MATERIAL TO PROCESS: Begin

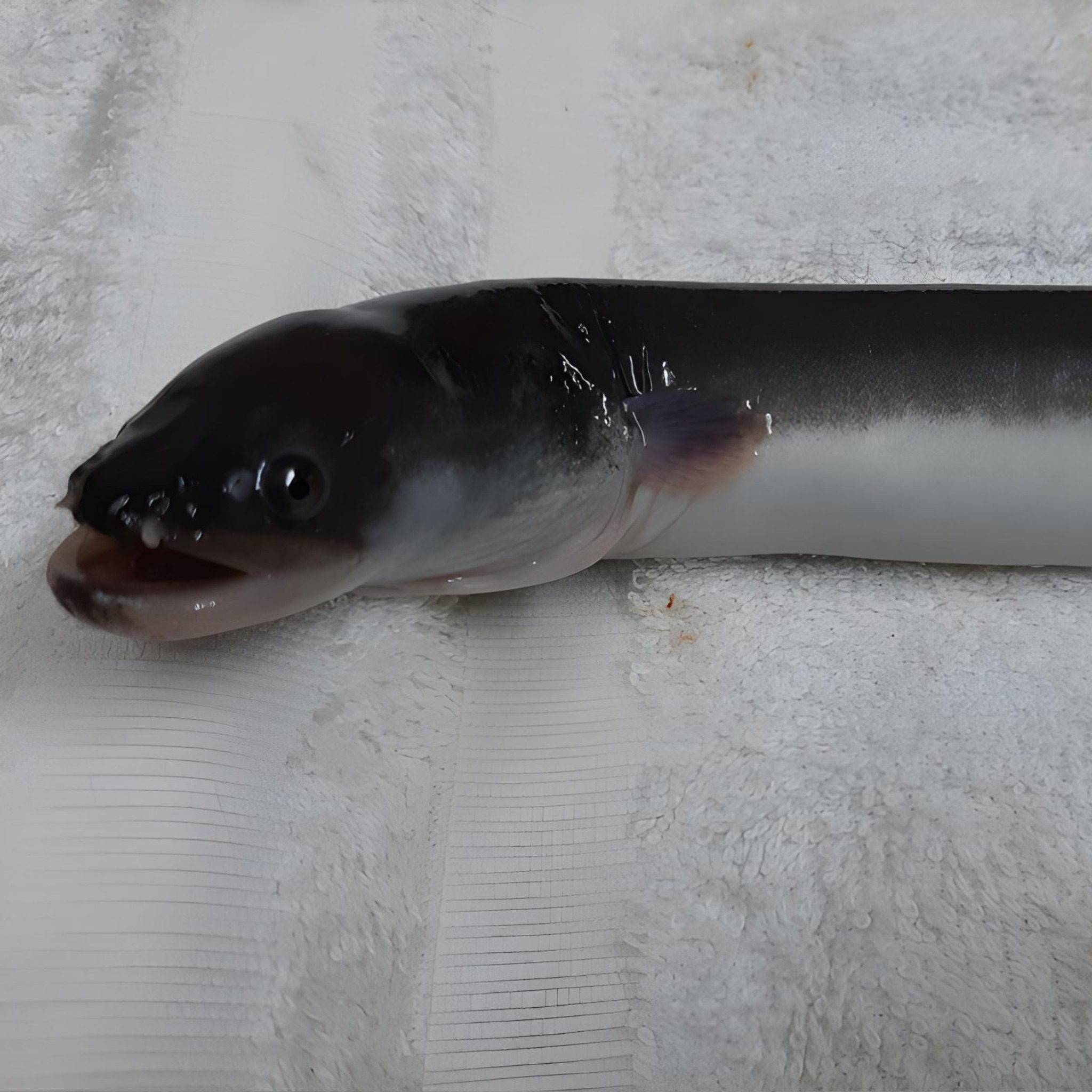 The benefit of intermittent fasting – for eels - SEAFDEC/AQD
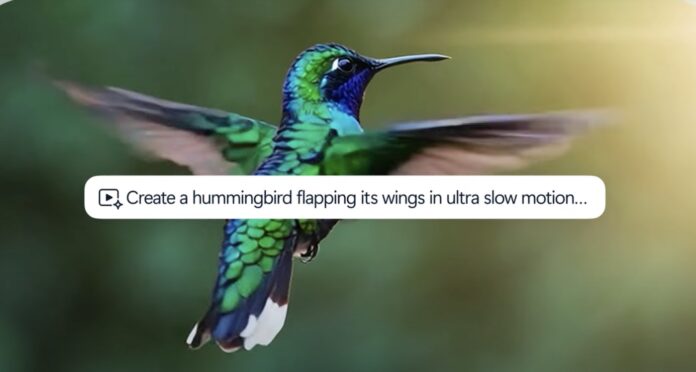 Screenshot of Microsoft Bing Video Creator demo featuring a hummingbird.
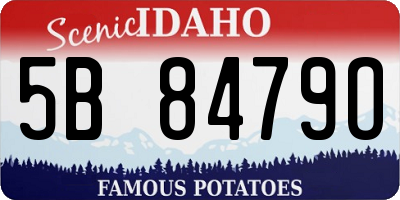 ID license plate 5B8479O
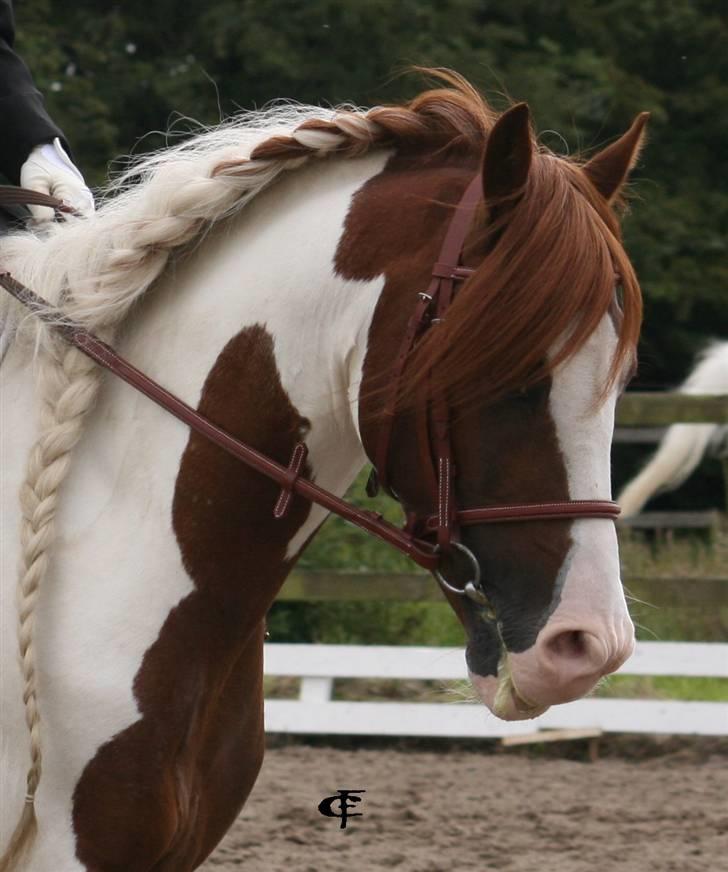 Welsh Partbred (Sec F) Kilmay Prince Pantani  - Nærbilled billede 17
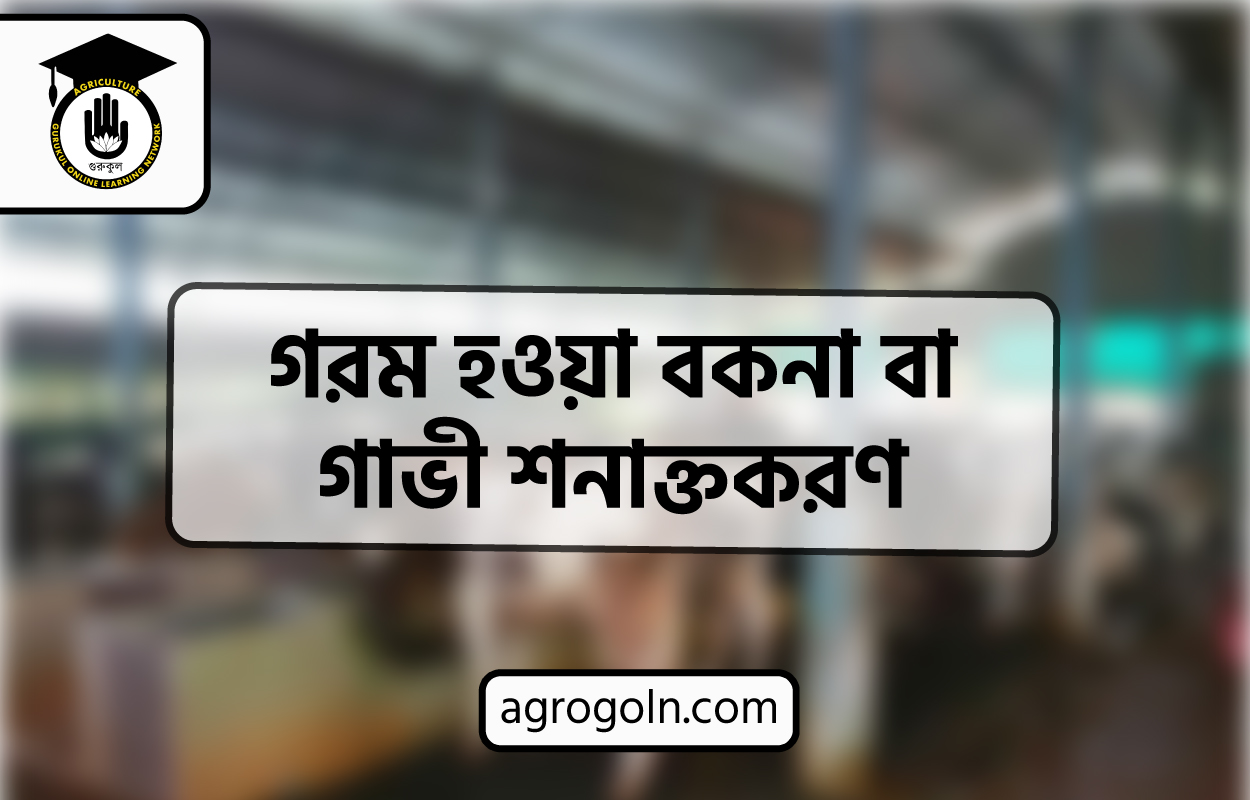 গরম হওয়া বকনা বা গাভী শনাক্তকরণ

MATERIAL TO PROCESS: End

* [WORK ORDER]
The reply must consist of the records, repeated exactly, minus any images.

* [RESULT FOR THIS TASK]
 The benefit of intermittent fasting – for eels - SEAFDEC/AQD
 Screenshot of Microsoft Bing Video Creator demo featuring a hummingbird.
 ID license plate 5B8479O
 Welsh Partbred (Sec F) Kilmay Prince Pantani  - Nærbilled billede 17
 গরম হওয়া বকনা বা গাভী শনাক্তকরণ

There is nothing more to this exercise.